Stuff I saw at this year's Fantasia Film Festival (Hong Kong viewings
here), listed in order of preference.
Great:
Steppenwolf (Adilkhan Yerzhanov): The best film I saw at the festival, an homage to
The Searchers by way of
Mad Max that I'm sure alienated as many viewers as it compelled. It's a horribly violent, beautifully photographed, absurdly humorous road film about a violent former police officer and a mentally challenged/neurodivergent/deeply traumatized woman searching for the woman's lost child in a post-apocalyptic Kazakhstan. Not to be missed. How such brutal wastelands could look so beautiful, I don't know.
Electrophilia (Lucía Puenzo): a woman wakes from a 6-week coma to learn she'd been struck by lightning, indeed marked by the electricity in the form of snaking scars. What follows is a disturbing, erotic, violent journey that usually avoids melodrama or suspense in favour of an floating, almost trancelike atmosphere. For anyone like me who enjoys movies about broken women exploring the edges of their fractured psyches.
Good:
The Silent Planet (Jeffrey St. Jules): a beautifully acted and emotional movie about two prisoners trapped on an empty penal colony on a far away planet, and how they negotiate their loneliness, guilt, and trauma. There is a large amount of world-building for such an intimate movie, all of it necessary context. Also: keep an open mind during the third act. The film appears to stumble before recovering beautifully. This might be Elias Koteas' best performance.
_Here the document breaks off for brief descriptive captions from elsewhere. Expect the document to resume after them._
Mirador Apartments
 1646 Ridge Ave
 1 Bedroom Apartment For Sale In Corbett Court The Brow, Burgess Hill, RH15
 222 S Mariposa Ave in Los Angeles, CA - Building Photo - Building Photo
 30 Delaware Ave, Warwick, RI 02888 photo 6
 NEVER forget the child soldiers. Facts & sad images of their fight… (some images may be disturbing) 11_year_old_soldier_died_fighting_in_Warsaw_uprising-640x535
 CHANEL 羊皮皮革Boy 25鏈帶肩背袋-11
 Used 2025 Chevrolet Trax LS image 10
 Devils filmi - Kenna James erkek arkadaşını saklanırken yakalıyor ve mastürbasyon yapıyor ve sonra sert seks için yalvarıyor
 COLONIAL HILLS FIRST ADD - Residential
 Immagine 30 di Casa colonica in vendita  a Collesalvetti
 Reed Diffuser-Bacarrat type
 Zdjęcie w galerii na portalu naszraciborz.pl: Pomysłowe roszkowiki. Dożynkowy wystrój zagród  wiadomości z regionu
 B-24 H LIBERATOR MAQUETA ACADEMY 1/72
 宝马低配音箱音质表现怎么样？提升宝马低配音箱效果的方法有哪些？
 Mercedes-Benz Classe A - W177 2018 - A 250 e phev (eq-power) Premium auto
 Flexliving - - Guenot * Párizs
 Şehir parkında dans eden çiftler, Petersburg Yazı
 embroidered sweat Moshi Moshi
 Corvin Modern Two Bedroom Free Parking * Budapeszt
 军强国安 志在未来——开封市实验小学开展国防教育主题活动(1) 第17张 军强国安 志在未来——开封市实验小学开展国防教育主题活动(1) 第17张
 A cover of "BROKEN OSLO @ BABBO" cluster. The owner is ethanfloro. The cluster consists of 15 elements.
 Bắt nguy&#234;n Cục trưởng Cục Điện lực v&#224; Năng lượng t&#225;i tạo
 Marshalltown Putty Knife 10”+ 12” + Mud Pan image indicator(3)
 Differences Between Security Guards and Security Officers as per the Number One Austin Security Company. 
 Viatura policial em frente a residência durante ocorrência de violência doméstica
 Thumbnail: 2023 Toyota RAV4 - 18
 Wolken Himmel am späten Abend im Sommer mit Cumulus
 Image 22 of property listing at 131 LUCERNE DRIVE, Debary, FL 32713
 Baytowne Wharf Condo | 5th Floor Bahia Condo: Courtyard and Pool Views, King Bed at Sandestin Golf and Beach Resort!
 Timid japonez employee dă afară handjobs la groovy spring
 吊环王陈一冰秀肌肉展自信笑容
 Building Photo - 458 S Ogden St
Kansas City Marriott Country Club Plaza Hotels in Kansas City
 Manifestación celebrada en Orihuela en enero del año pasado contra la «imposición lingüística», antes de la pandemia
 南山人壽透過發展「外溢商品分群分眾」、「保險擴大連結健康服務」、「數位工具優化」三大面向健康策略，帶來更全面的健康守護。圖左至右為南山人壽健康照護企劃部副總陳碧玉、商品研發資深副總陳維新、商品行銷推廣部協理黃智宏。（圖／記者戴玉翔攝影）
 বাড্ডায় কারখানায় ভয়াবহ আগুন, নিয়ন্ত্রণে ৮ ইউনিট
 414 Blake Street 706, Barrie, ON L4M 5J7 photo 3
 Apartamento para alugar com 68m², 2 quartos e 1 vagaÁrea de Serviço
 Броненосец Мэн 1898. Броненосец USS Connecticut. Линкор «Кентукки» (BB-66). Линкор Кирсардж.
Darkest Miriam (Naomi Jaye): a broken, internalized woman working at a Toronto library has a number of fragmentary experiences that link past and present. It's a fun, sweet, dark romantic comedy told in a somewhat fragmentary style to match the fragmentary novel it was adapted from.
The Chapel (Carlota Pereda): The ghost story plot had a lame resolution, but this is all about the child actress, a brilliant and precocious Maia Zaitegi, and her interactions with the jaded, caustic woman who has to deal with her. A movie where the able horror elements are just trappings for the excellent character writing.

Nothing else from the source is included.